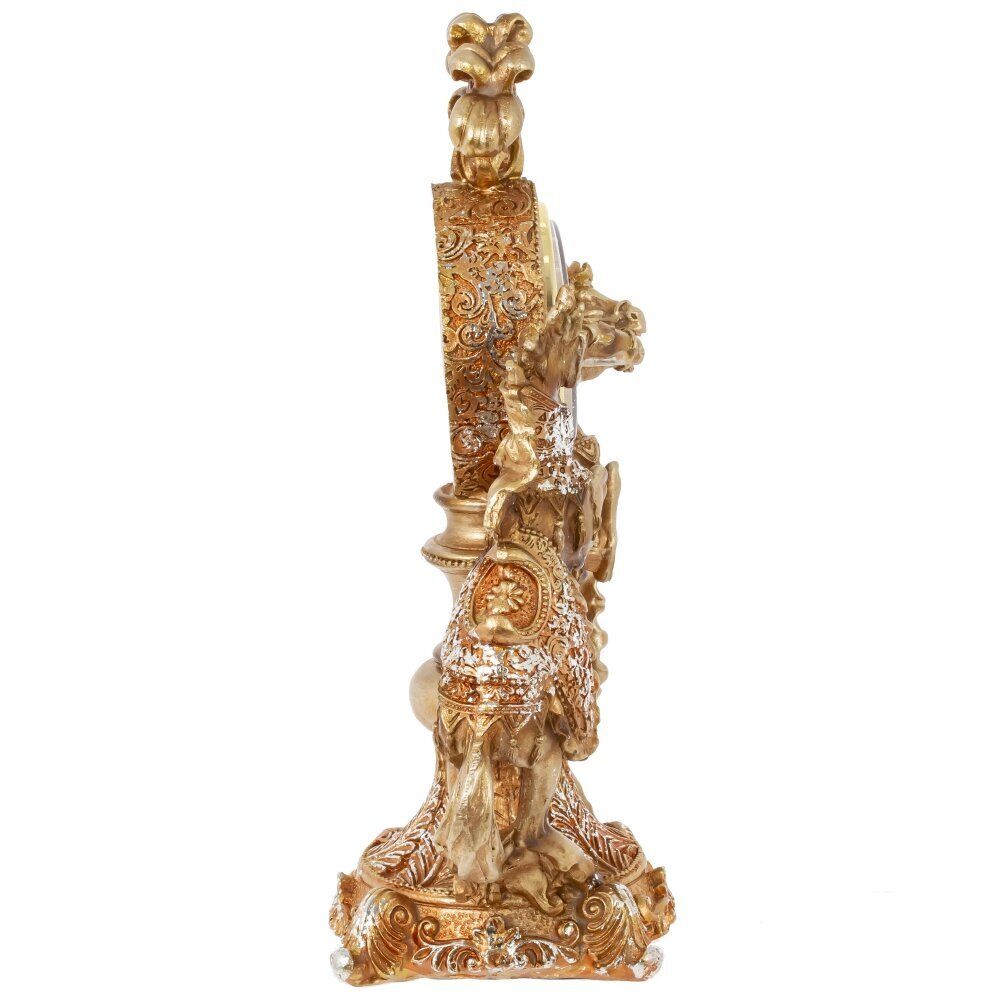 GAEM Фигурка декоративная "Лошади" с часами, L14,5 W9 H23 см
****************************************
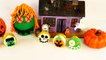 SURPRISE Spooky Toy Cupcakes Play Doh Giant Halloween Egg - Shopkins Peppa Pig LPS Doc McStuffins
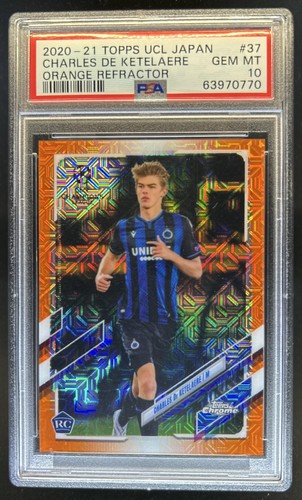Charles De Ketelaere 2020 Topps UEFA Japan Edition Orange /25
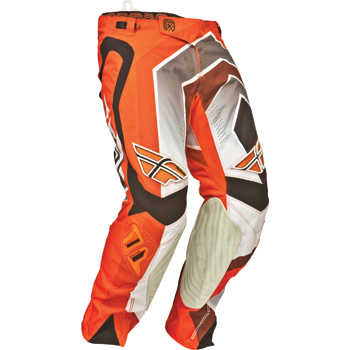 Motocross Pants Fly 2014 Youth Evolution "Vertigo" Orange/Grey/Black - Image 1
****************************************
**YOUR OBJECTIVE:**
With pictures omitted, repeat the entries above word for word from the line holding "SURPRISE Spooky Toy" down to the line holding "Motocross Pants Fly", keeping both of those lines.

**EXERCISE ANSWER:**
 SURPRISE Spooky Toy Cupcakes Play Doh Giant Halloween Egg - Shopkins Peppa Pig LPS Doc McStuffins
Charles De Ketelaere 2020 Topps UEFA Japan Edition Orange /25
 Motocross Pants Fly 2014 Youth Evolution "Vertigo" Orange/Grey/Black - Image 1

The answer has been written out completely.